#### Supplied material
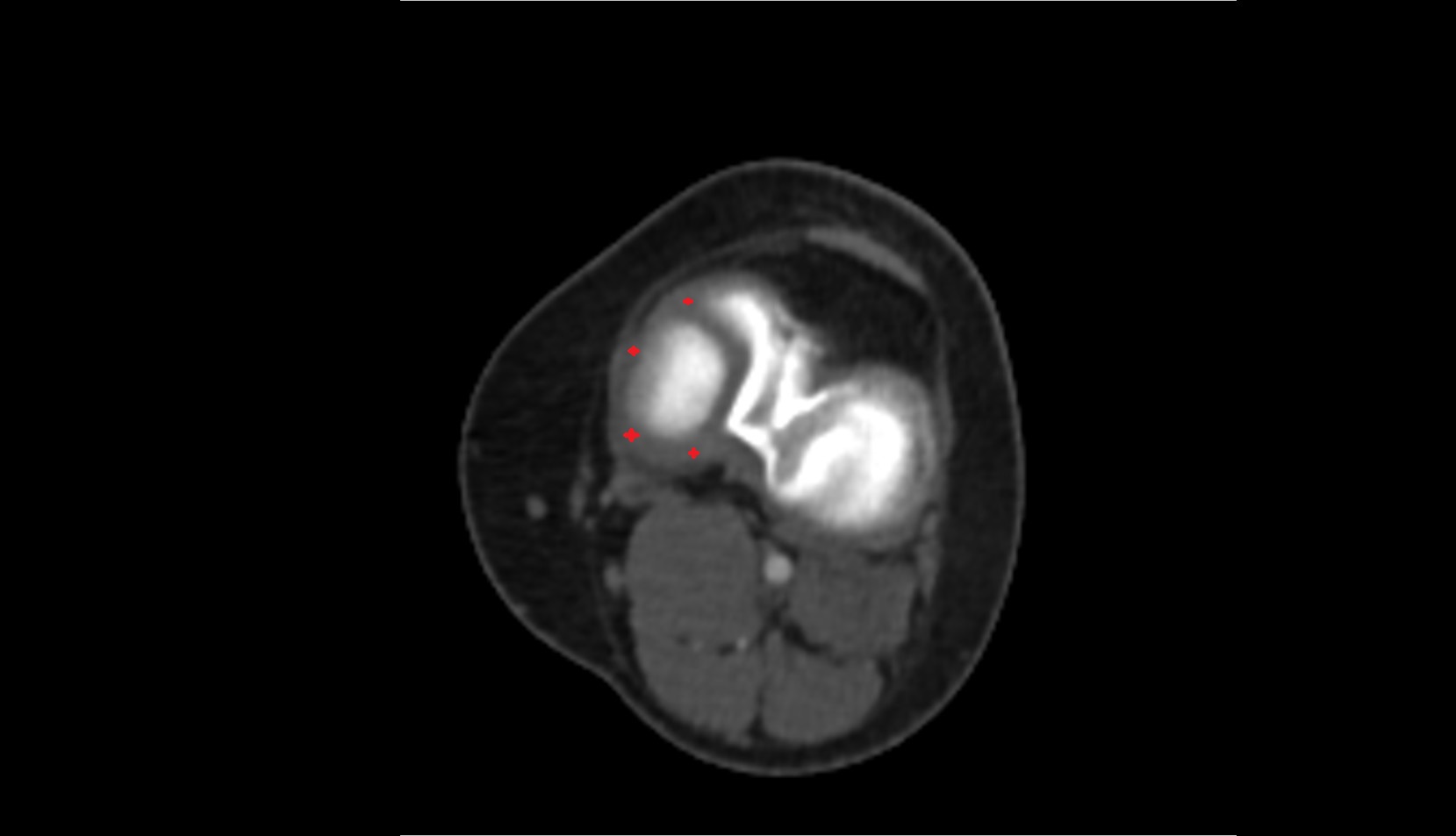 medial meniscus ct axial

* * *

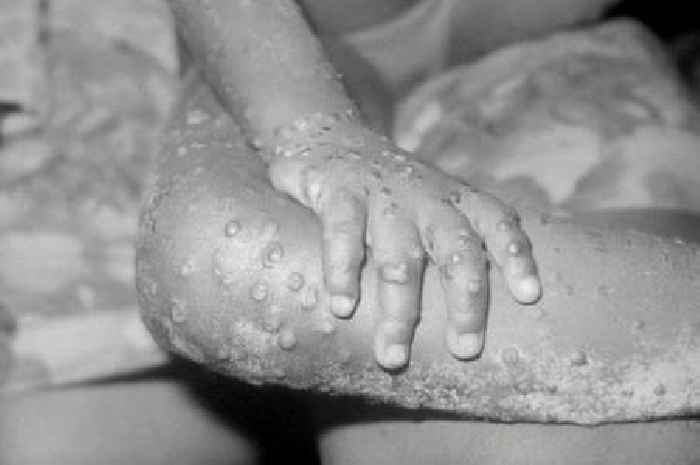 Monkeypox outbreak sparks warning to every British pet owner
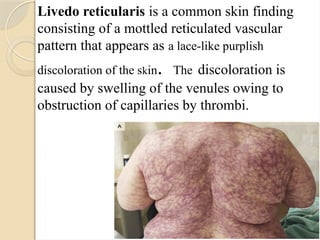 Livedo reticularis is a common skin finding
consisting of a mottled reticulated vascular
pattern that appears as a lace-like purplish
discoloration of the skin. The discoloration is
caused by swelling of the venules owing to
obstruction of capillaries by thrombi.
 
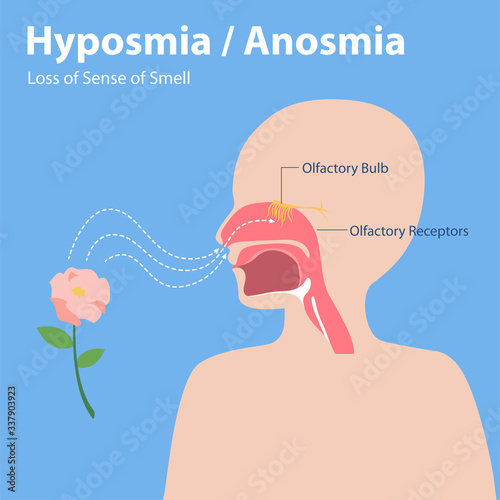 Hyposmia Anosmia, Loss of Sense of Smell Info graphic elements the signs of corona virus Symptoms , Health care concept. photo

--

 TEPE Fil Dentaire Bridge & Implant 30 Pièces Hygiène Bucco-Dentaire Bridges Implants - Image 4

#### Exercise details
Using the records above, return word for word the lines that begin at the one containing "consisting of a mottled reticulated vascular" and end at the one containing "Hyposmia Anosmia, Loss", both of them included and no pictures.

#### Solution to this task
consisting of a mottled reticulated vascular
pattern that appears as a lace-like purplish
discoloration of the skin. The discoloration is
caused by swelling of the venules owing to
obstruction of capillaries by thrombi.
 
 Hyposmia Anosmia, Loss of Sense of Smell Info graphic elements the signs of corona virus Symptoms , Health care concept. photo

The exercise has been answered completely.